Pandas df.corr - one variable across multiple cols error - World Happiness

I am trying to edit code in the above link (below is my attempt) to find pairwise correlations between
one variable ‘happiness score’ and these columns
‘ECONOMY GDP PER CAPITA’, ‘FAMILY’,
‘HEALTH LIFE EXPECTANCY’, ‘FREEDOM’, ‘TRUST GOVERNMENT CORRUPTION’,
‘GENEROSITY’
taken from the mission
World Happiness — Working With Missing And Duplicate Data
what I am trying to do has nothing to do with the mission though.

At the end I want to generate a heatmap, but first need to get the correlation table right.

I get errors when I run this code:
KeyError: ‘HAPPINESS SCORE’

During handling of the above exception, another exception occurred:

KeyError Traceback (most recent call last)
in
4 get_ipython().run_line_magic(‘matplotlib’, ‘inline’)
5
----> 6 df_corr = combined[combined.columns[5:11]].corr()[‘HAPPINESS SCORE’]

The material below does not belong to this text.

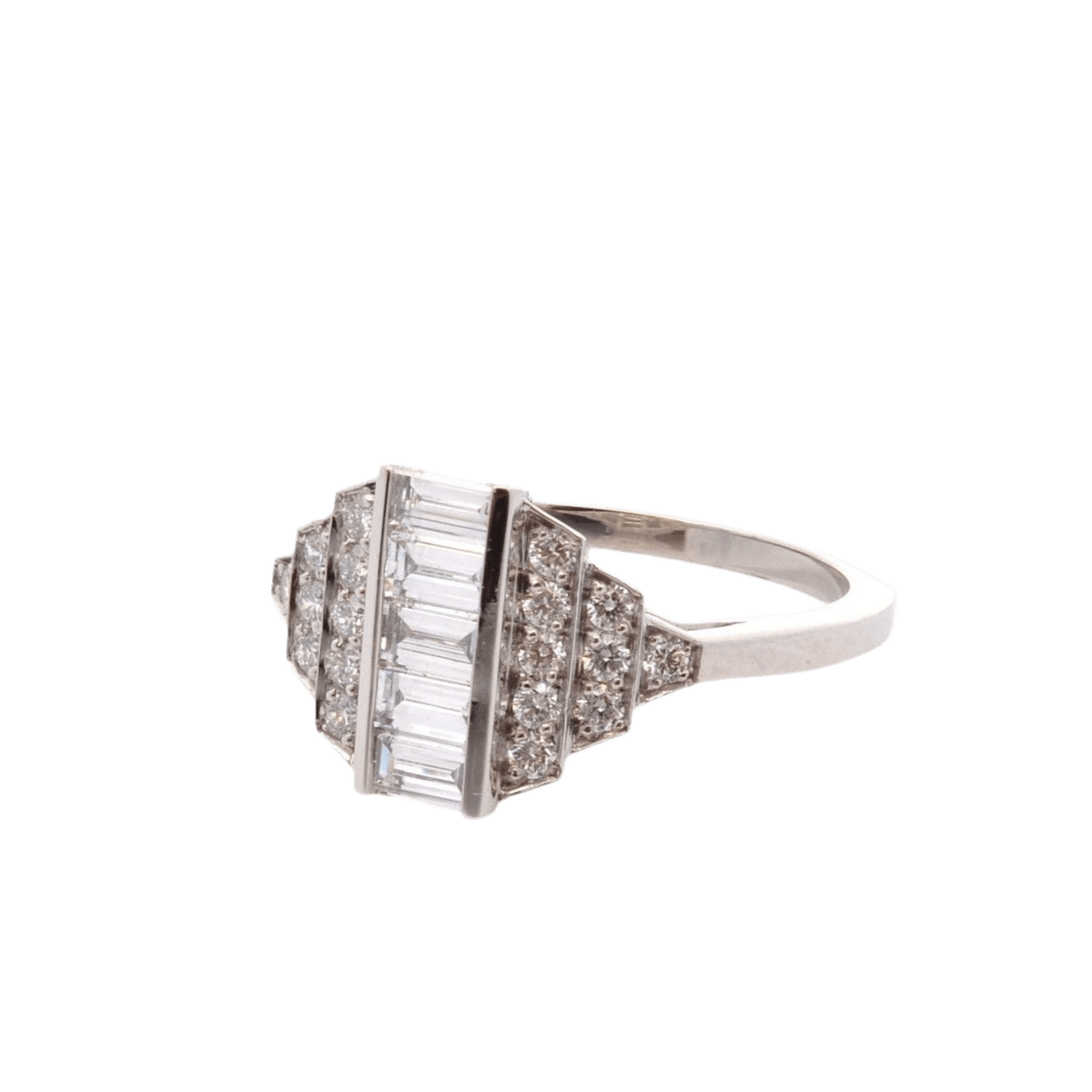 Bague Jarretière en platine et diamants - Castafiore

This is output of combined.columns
Index([‘COUNTRY’, ‘REGION’, ‘HAPPINESS RANK’, ‘HAPPINESS SCORE’,
‘STANDARD ERROR’, ‘ECONOMY GDP PER CAPITA’, ‘FAMILY’,
‘HEALTH LIFE EXPECTANCY’, ‘FREEDOM’, ‘TRUST GOVERNMENT CORRUPTION’,
‘GENEROSITY’, ‘DYSTOPIA RESIDUAL’, ‘YEAR’, ‘LOWER CONFIDENCE INTERVAL’,
‘UPPER CONFIDENCE INTERVAL’, ‘WHISKER HIGH’, ‘WHISKER LOW’],
dtype=‘object’)

import numpy as np
import matplotlib.pyplot as plt
%matplotlib inline

df_corr = combined[combined.columns[5:11]].corr()['HAPPINESS SCORE']

df_corr
#fig, ax = plt.subplots(figsize=(30,25))

#sns.heatmap(df_corr.to_frame(),annot=True, annot_kws={'size':12},cmap="GnBu")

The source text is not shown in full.